[Stored data]
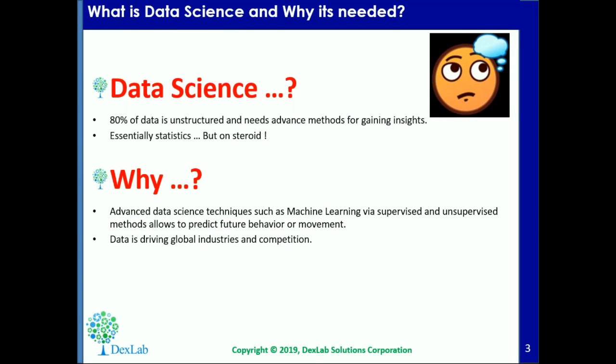The first question you should be asking yourself is: what is data science and why is it needed? Data science is a blend of various tools, algorithms, and machine learning principles with the goal to discover hidden patterns from within the raw data.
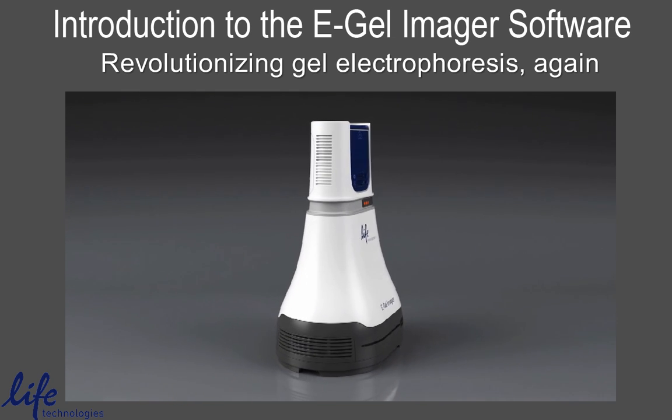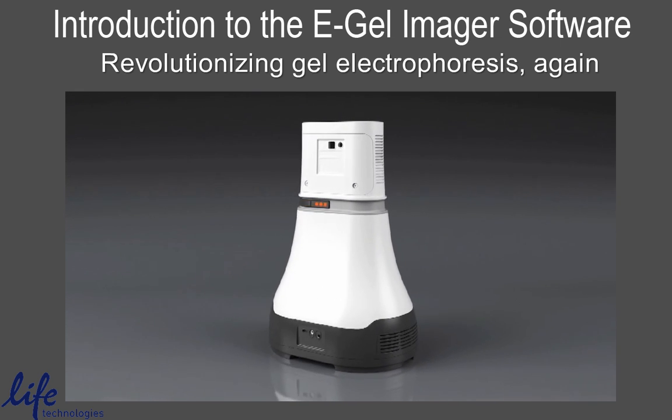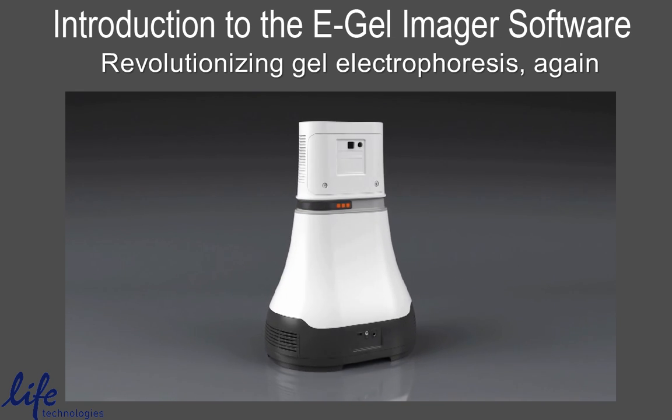This video will present the new eGel Imager basic capturing and editing features.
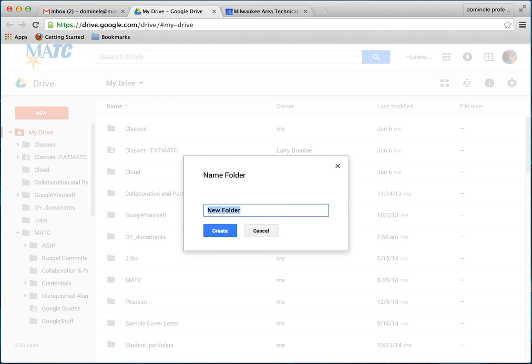So what I'm going to do is use my last name, and then you're going to give it the class number. In this case, I'm going to use IT 107. The instructions may tell you what specifically and how to name the folder, depending on your classes.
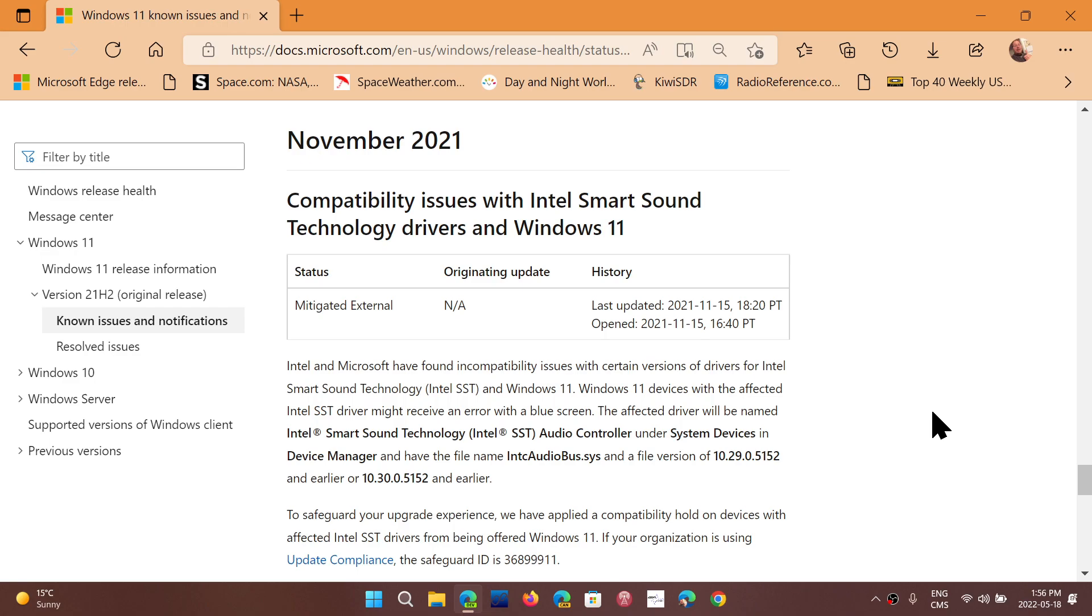That means you need to go and check out for the Intel smart sound technology updates that might be available for your computer.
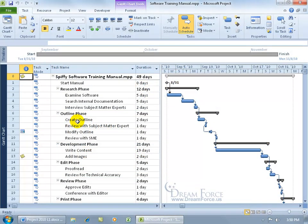A recurring task is a task that occurs over and over again at regular intervals over the course of the project. For example, I want to insert a recurring task like for my project status meetings that happens every other Tuesday.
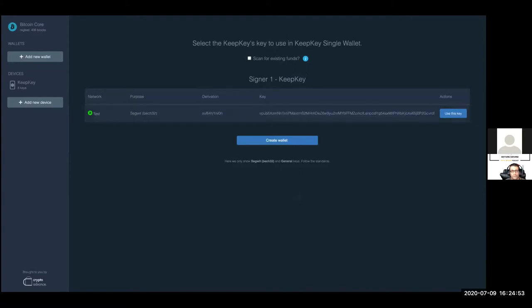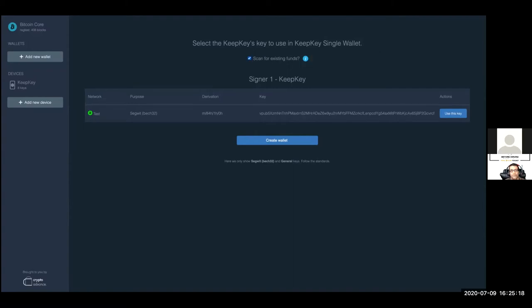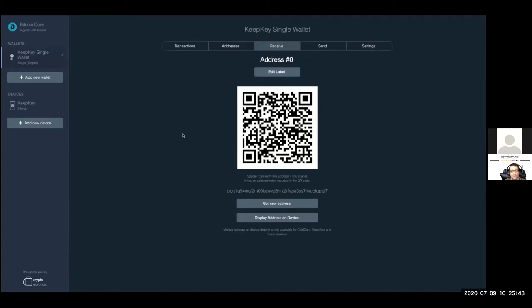We automatically choose the first key. There's also an option to scan for existing funds — if you're importing an existing wallet from the Trezor website and want to migrate to Specter, tick that checkbox and Specter will automatically scan for old funds and import the addresses you've used so far. It might take a few hours for a very big wallet, but since we're creating a new wallet, we don't need that. Let's just create it.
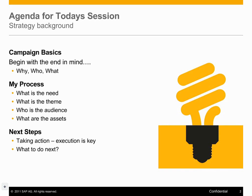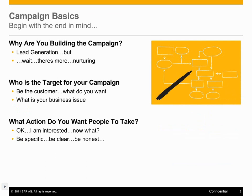Let's dive into the main content and start with campaign basics and beginning with the end in mind. The first question everybody needs to answer, no matter what you're doing from a marketing perspective, is: why are you building this campaign? That might sound like a really dumb question, and you might say the answer is obvious - I need to generate some leads. But there are lots of different reasons why you might build different campaigns.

# Your objective
Exactly the lines above, from the one containing "So what I'm" down to the one containing "We automatically choose", are to be repeated, including both ends. Pictures are not part of the copy.

# Expected answer
So what I'm going to do is use my last name, and then you're going to give it the class number. In this case, I'm going to use IT 107. The instructions may tell you what specifically and how to name the folder, depending on your classes.
That means you need to go and check out for the Intel smart sound technology updates that might be available for your computer.
A recurring task is a task that occurs over and over again at regular intervals over the course of the project. For example, I want to insert a recurring task like for my project status meetings that happens every other Tuesday.
We automatically choose the first key. There's also an option to scan for existing funds — if you're importing an existing wallet from the Trezor website and want to migrate to Specter, tick that checkbox and Specter will automatically scan for old funds and import the addresses you've used so far. It might take a few hours for a very big wallet, but since we're creating a new wallet, we don't need that. Let's just create it.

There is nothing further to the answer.